Acabou que Bond continuou sendo James — e Daniel Craig. Mas a coisa serviu de balão de ensaio.
Numa continuação, é provável que a pequena sereia seja um menino. Talvez metade menino e metade polvo, vá saber. Afinal, Branca de Neve já foi negra (Adele Fátima, quem já tinha mais de 18 anos em 1979 há de se lembrar).
Estamos falando de personagens de ficção. Seres imaginários.
Deus era sempre homem e branco. Mas foi negro (Morgan Freeman), mulher (Octavia Spencer), e o Vaticano continua de pé, com a chaminé a postos para muita fumacinha branca.
Até Marighella (personagem real, mas com uma biografia, digamos, inventiva) já foi negro – o que abre precedentes para que Martin Luther King seja interpretado por um coreano, ou Mao Tsé Tung, por um nórdico.
Kate Blanchett já foi Bob Dylan num filme. Nathalia Timberg era mãe da Susana Vieira numa novela. Luís Melo, um japonês.
Temos que nos libertar de vez do “naturalismo” e entender que atores não “são”: atores “representam”.
Imagine se só gays pudessem fazer personagens gays — e fosse restrito aos heterossexuais contumazes os papéis de personagens de sexualidade ortodoxa. O que teria sido da carreira de tantos galãs de Hollywood?
Quantos atores poderiam se candidatar a Hannibal Lecter? Tirando o Schwarzenegger, ninguém mais poderia fazer papel de robô. O único habilitado a estrelar filme de vampiro seria o Max Schreck (quem viu o primeiro “Nosferatu” ou “A Sombra do Vampiro” sabe do que estou falando).
Papéis de sonso seriam exclusividade do Hugh Grant. Só Adam Sendler poderia fazer papel de Adam Sendler (se bem que essa lei foi seguida à risca).
Já se foi o tempo em que a vilã da novela era xingada na rua e o vilão não era convidado para apresentar baile de debutante em Paracatu. Hoje quase todo mundo sabe que cinema, teatro, novela, promessa de campanha é tudo mentira.
A arte é uma ilusão.
Representar, etimologicamente, quer dizer “colocar-se à frente de”. Não é ser tal e qual: é estar no lugar de outro.

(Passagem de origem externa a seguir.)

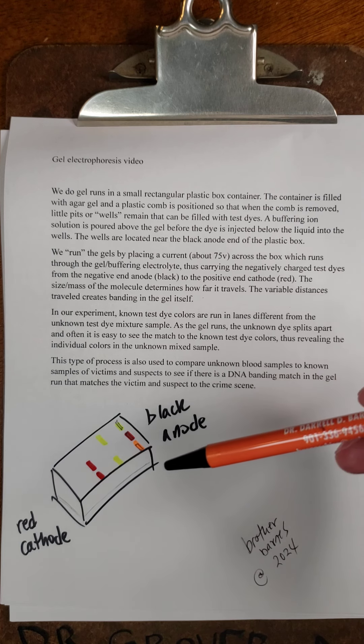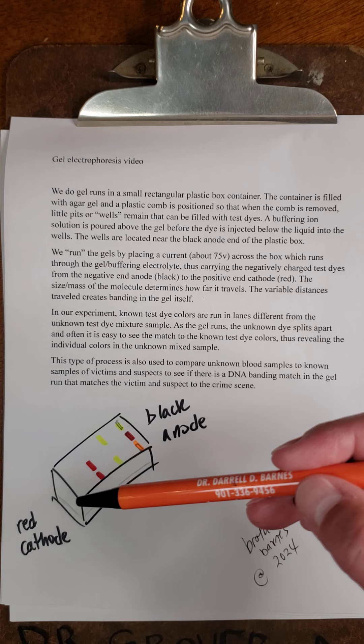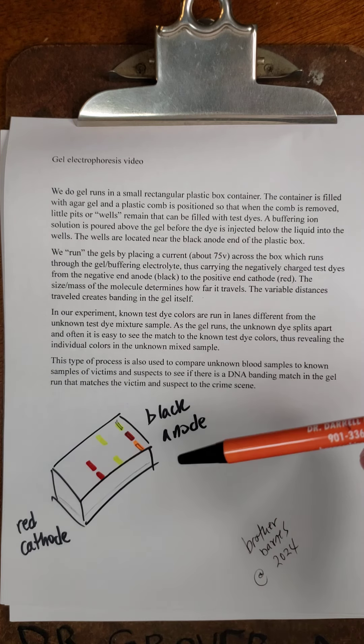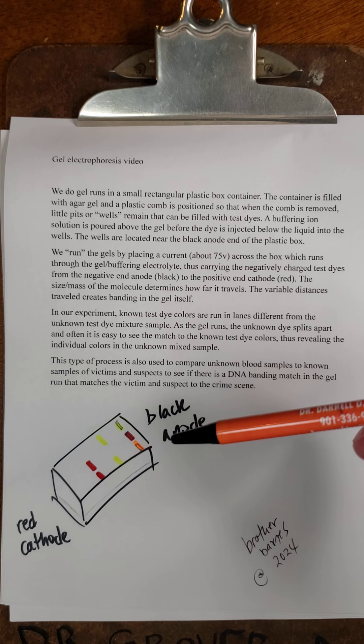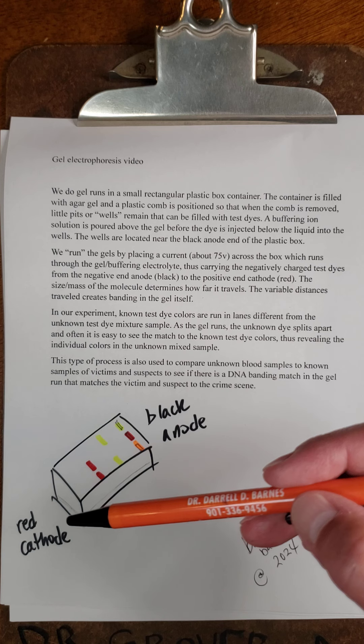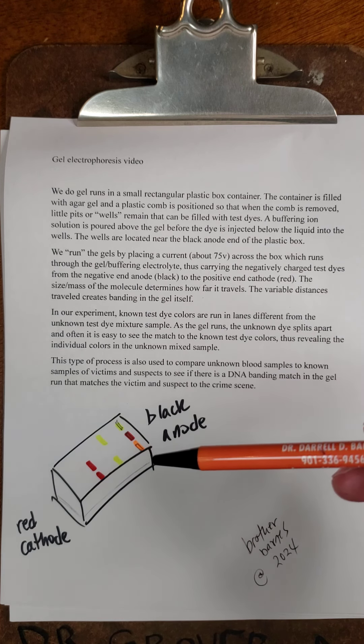We run the gels by placing a current about 75 volts across the box, which runs through the gel buffering electrolyte, thus carrying the negatively charged test dyes from the negative end anode, which is black, to the positive end cathode, which is red. The size or mass of the molecule determines how far it travels.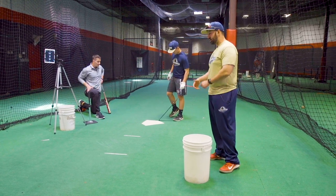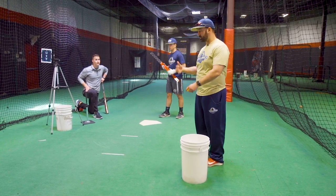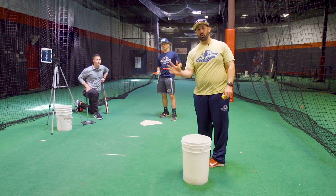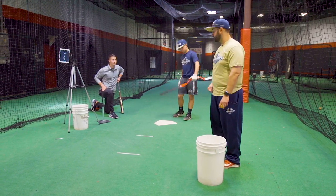So the wiffle ball attachment — the way that we try and cue this, there are different ways, some of which we've actually gotten from the players — is get your back shoulder to the pitcher, which is the one that I use a lot. One of our players the other day said he tries to think that he's catching the ball with his backhand, because it's almost on the same level as the black attachment.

Deixemos 007 ser mulher, os egípcios das novelas bíblicas da Record manterem aquela postura de Baixo Gávea, o Saci Pererê ser ruivo e chutar com as duas.
Só vou ficar preocupado quando o Super Homem for uma trans lésbica ianomâmi acima do peso não binária — e soltar teia de aranha pelos calcanhares.
Ou a Mulher Maravilha virar um halterofilista verde nos dias em que se esquecer do rivotril, tiver um suricato de estimação chamada Chita, usar cipó como meio de transporte e morar na Batcaverna.
Aí sim, terá sido cruzada uma linha — e nas redações de alguns jornais será preciso haver uma conversinha sobre pauta identitária.